In the LM/MP preparation, Hebeiss and Kilbinger (18) showed that the effects of NO on the release of ACh are mediated via activation of the soluble guanylyl cyclase (18). However, the mechanism whereby guanylyl cyclase activation inhibits ACh release has not yet been studied. Furthermore, no information about the signaling pathway involved in the modulatory action of NO on the release of any other neurotransmitter or neuropeptide in the gut is available to date.
Activation of soluble guanylate cyclase and subsequent elevation in intracellular cGMP levels are considered to be the primary modes of action of NO (23, 36). In the present work, it could be demonstrated that enteric synaptosomes are capable of accumulating cGMP following stimulation by NO donors. This confirms previous findings of enteric synaptosomes of canine ileum (24). Subsequently, we have examined whether NO-induced cGMP elevation contributes to BLI release. The approaches employed were both reduction and elevation of intracellular cGMP levels by addition of ODQ, a selective inhibitor of soluble guanylate cyclase (12), and zaprinast, an inhibitor of the cGMP-specific PDE5 (2), respectively. The data obtained by using both compounds, together with the accumulation of neuronal cGMP by exogenous NO, were highly indicative of an involvement of cGMP in the release process. Another objective of the present study was to further characterize the signaling pathway downstream of the activation of cGMP. cGMP can elicit its physiological effects in different ways, acting directly on cGMP-dependent PKG or on PDEs, thereby increasing or decreasing cAMP levels (for reviews, see Refs. 3 and 41).
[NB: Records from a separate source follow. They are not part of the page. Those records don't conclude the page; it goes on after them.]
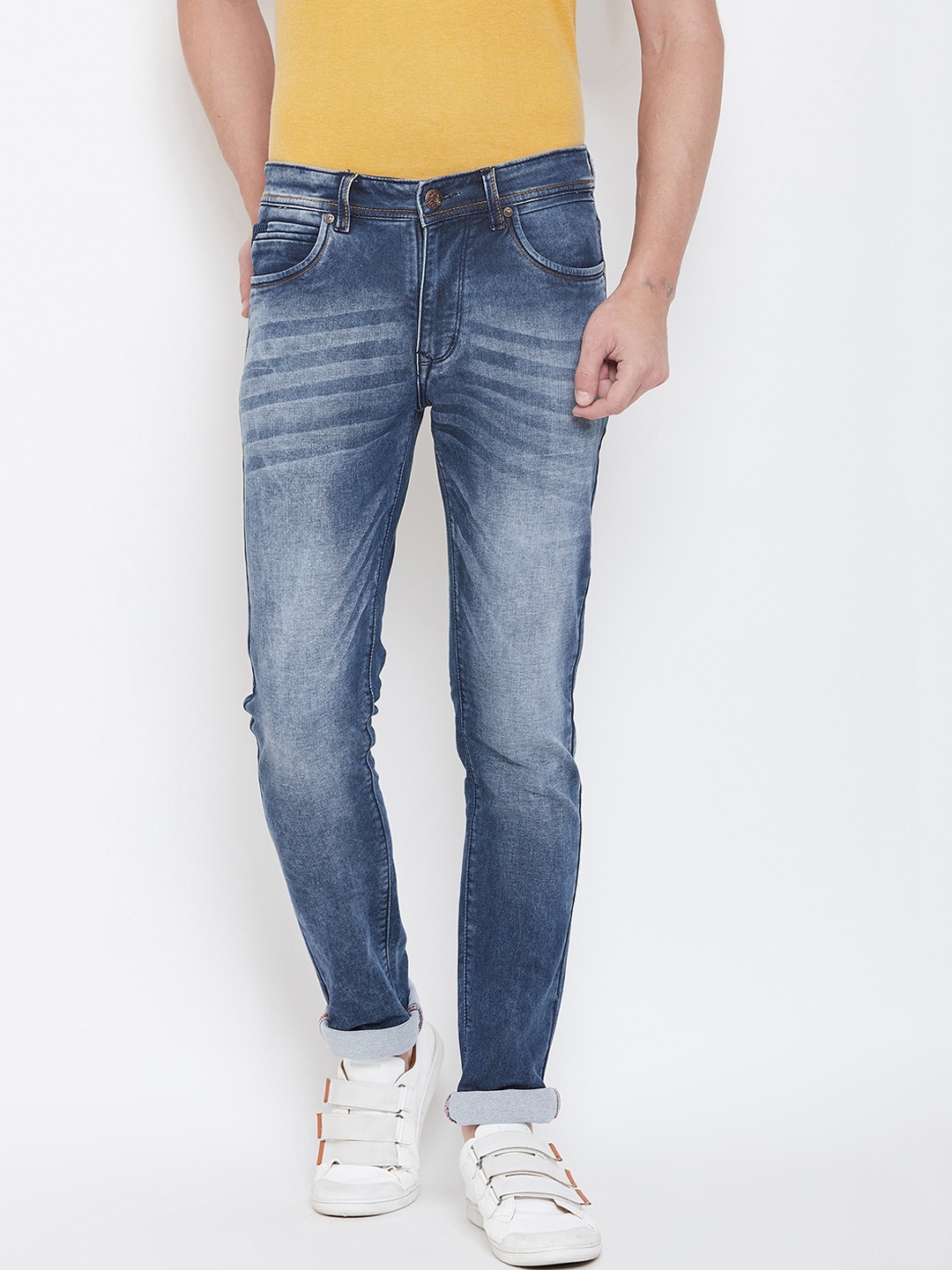 Duke Men Blue Regular Fit Mid-Rise Clean Look Stretchable Jeans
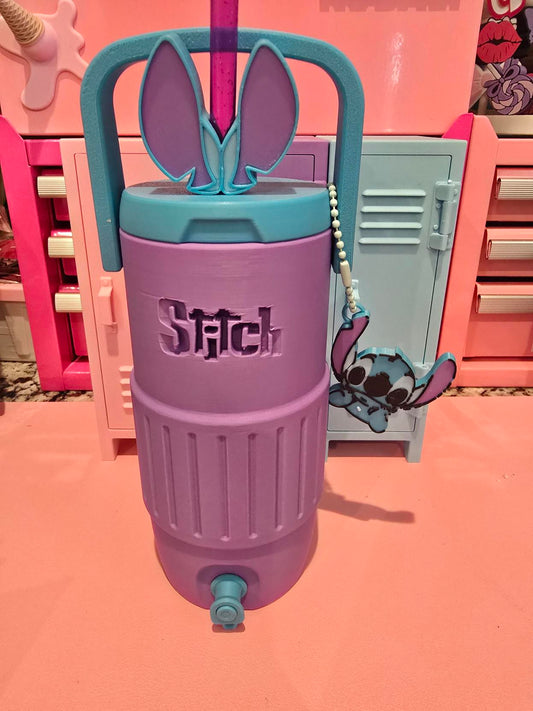 Stitch Can Koozie with Straw Topper & Can Opener Keychain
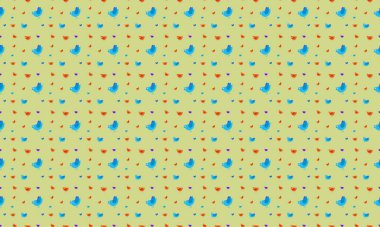 Farklı aksesuarlara sahip renkli arkaplan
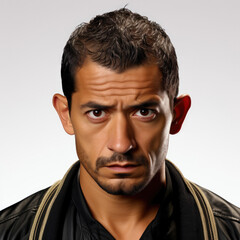 Professional head shot of a 36-year-old Latino man looking down and giving a thumbs up.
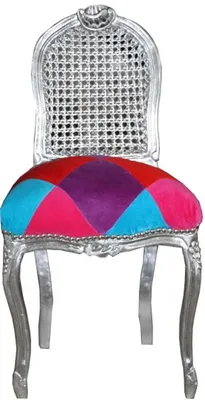Produktbild von Casa Padrino Barock Damen Stuhl  Karo Bunt / Silber - Schminkstuhl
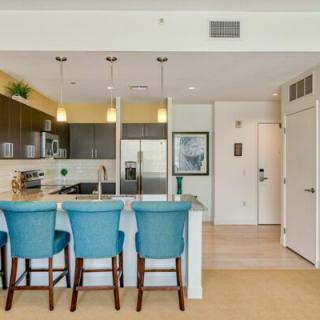 A modern kitchen with teal bar stools and pendant lighting.
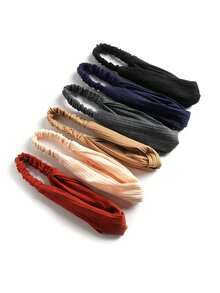 6 件套纯色扭纹头带，弹性发带发饰，适合女士和女孩头巾头带吸汗带秋冬发带，适合度假装女士 - 彩色 - 查看 11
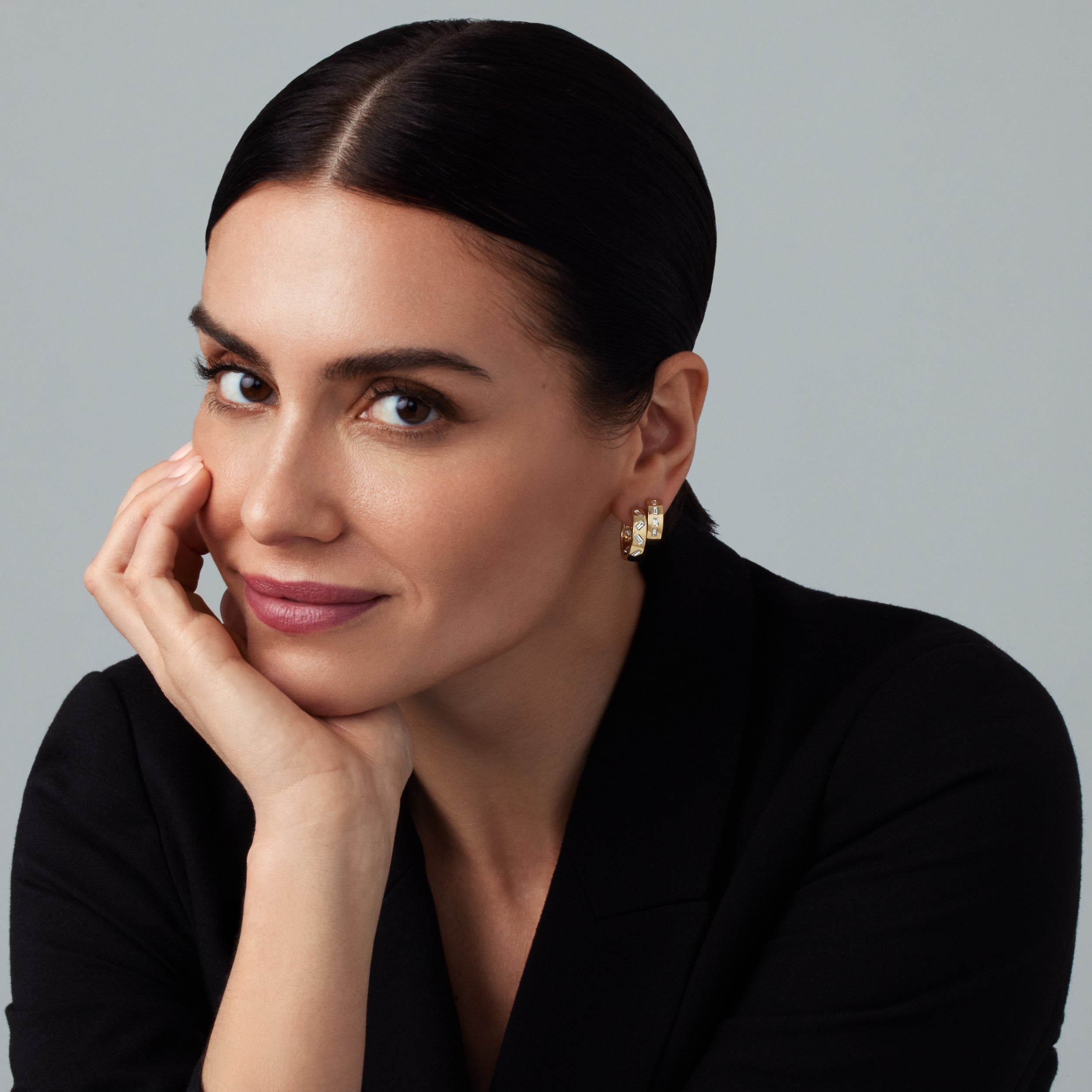 Essentials Medium Linear Diamond Hoop Earrings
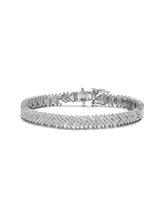 Genevive Sterling Silver with Rhodium Plated Clear Round Cubic Zirconia Cluster Arrow Head Style Tennis Bracelet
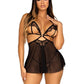 Leg Avenue Open Cup Eyelash Lace and Mesh Babydoll with Heart Ring Accent and Matching Panty - Its Cassidy Bybee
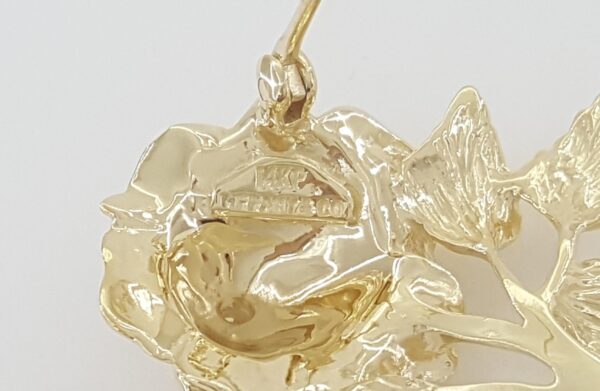 Vintage Tiffany & Co Diamond Rose Flower Brooch Pin 14k Yellow Gold 1.4” 1970s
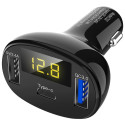 3-Ports USB Type-c Quick Charge Car Charger Adapter LED Voltmeter / Auto Bluetooth FM Radio Transmitter-GKH9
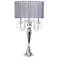 Elegant Designs Chrome and Gray Sheer Shade Crystal Table Lamp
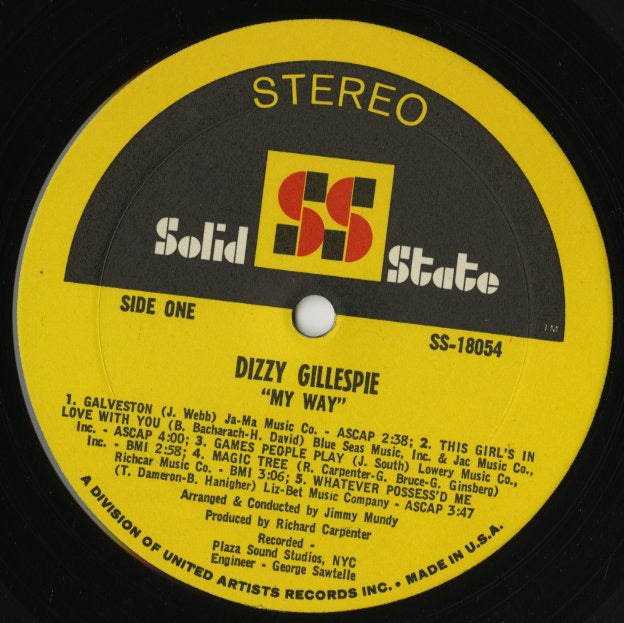 Dizzy Gillespie / ディジー・ガレスピー / My Way (SS18054)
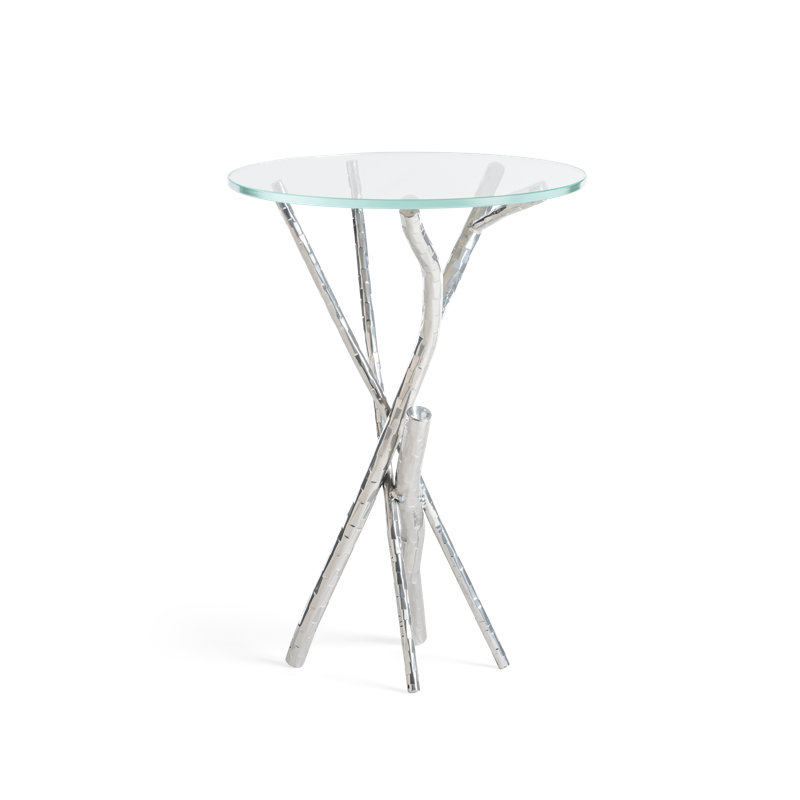 Brindille Glass Top Accent Table, Sterling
First, the role of cGMP-dependent PKG was examined. It has been
reported that guanylate cyclase is present in enteric neurons of the
rat but does not colocalize with NOS (35). We previously demonstrated
the presence of cGMP-dependent PKG I and I
in
enteric neurons and nerve processes of the rat ileum (20). Thus the necessary elements of the cGMP-dependent PKG pathway seem to be present
in the enteric nervous system. However, pretreatment of synaptosomes
with the cell-permeable cGMP analogs 8-BrcGMP and CPT-cGMP,
which selectively activate cGMP-dependent PKG, failed to increase BLI
release at doses reported to elicit a physiological response in other
systems (17). The cGMP-dependent PKG blocker KT-5823, which has been
demonstrated to specifically interact with cGMP-dependent PKG in
various smooth muscle preparations, including gastrointestinal muscle
(30), did not significantly inhibit BLI release induced by exogenous
NO. With respect to the predominance of the cGMP-dependent PKG I
subtype in enteric nerves (20), we studied the effect of
Rp-CPT-cGMP, a specific inhibitor of
cGMP-dependent PKG I isoform (7).
Rp-CPT-cGMP also failed to
antagonize BLI release induced by NO, suggesting an alternative mode of
action of cGMP on BLI release from nerve terminals.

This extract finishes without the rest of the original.